An edge detection algorithm is used for detecting the air/powder interface on individual snapshots, and the average interface position and the variations around this average position are subsequently calculated. Next, the flowing angle αf — also called the “dynamic angle of repose” in the literature — for each rotating speed is calculated from the average interface position, and the dynamic cohesive index σf is determined from the interface fluctuations.

Generally, a low value of the flowing angle αf relates to a good flowability. A broad set of parameters — such as the shape of the grains, the friction between the grains, and the cohesive forces (electrostatic, capillary, and van der Waals forces) between the grains — influences the flowing angle. The dynamic cohesive index σf is only associated with the cohesive forces present between the grains. In addition, a non-cohesive powder leads to a regular flow, while a cohesive powder leads to an intermittent flow. As a consequence, a dynamic cohesive index close to zero relates to a non-cohesive powder. Increased cohesiveness of the powder translates to increased cohesive index.

Apart from the measurement of the flowing angle αf as well as the cohesive index σf as a function of the rotating speed, the GranuDrum instrument enables measuring the powder aeration and the first avalanche angle at the time of the flow.

GranuCharge

During a flow, electrostatic charges are generated inside a powder. This apparition of electric charges is caused by the triboelectric effect, in which charge exchange occurs at the contact between two solids. When a powder flows inside a device (such as a conveyor, silo, mixer, and so on), the triboelectric effect occurs at the contact between the device and the grains and also at the contact between the grains. Therefore, the properties of the powder as well as the nature of the material used for building the device are said to be crucial parameters.

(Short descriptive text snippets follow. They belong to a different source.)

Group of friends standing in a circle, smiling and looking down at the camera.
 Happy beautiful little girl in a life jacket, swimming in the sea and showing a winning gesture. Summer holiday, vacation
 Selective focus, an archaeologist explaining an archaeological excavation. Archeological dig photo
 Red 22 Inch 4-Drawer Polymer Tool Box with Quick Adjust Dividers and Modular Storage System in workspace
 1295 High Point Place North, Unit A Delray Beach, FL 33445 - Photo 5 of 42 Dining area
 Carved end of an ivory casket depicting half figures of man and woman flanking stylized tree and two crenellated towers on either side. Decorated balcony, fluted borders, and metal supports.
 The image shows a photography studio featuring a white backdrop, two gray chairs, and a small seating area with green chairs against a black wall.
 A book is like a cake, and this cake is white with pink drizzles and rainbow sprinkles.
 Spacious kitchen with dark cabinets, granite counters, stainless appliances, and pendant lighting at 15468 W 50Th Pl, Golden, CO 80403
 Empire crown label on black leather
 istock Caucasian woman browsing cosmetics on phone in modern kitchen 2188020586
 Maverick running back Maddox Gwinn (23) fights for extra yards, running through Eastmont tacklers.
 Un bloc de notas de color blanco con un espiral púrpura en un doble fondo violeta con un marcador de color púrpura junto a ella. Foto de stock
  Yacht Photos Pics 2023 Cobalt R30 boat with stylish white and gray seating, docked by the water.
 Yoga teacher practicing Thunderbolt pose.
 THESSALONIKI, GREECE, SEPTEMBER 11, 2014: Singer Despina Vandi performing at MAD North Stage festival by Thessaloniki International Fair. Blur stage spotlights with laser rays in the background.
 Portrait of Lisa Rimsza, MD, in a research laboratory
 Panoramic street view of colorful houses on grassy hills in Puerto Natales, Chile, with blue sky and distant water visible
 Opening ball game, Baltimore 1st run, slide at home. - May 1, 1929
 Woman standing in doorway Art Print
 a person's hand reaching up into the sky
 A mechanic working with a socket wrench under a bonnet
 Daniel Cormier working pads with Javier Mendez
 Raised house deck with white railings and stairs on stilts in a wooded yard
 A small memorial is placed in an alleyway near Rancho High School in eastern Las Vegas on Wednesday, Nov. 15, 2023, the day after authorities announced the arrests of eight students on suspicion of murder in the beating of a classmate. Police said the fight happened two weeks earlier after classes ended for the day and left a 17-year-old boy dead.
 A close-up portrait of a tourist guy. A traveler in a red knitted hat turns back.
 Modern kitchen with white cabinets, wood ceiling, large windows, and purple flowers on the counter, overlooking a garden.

The GranuCharge instrument is designed to precisely and automatically measure the quantity of electrostatic charges generated within a powder during a flow in contact with a chosen material.

After the powder sample flows inside a vibrating V-tube, it falls in a Faraday cup linked to an electrometer, which, in turn, determines the charge obtained by the powder at the time of the flow within the V-tube. To achieve reproducible results, either a vibrating or a rotating device is used for feeding the V-tube regularly.

Selected Powders

During this study, a stainless-steel powder supplied by Höganäs company was used.

SEM picture and particle size distribution of the SS 316L powder provided by Höganäs.

Figure 1. SEM picture and particle size distribution of the SS 316L powder provided by Höganäs.

This powder is available in two different versions — the original one supplied by the supplier, and a recycled one acquired following a selective laser melting (SLM) process in a 3D printer.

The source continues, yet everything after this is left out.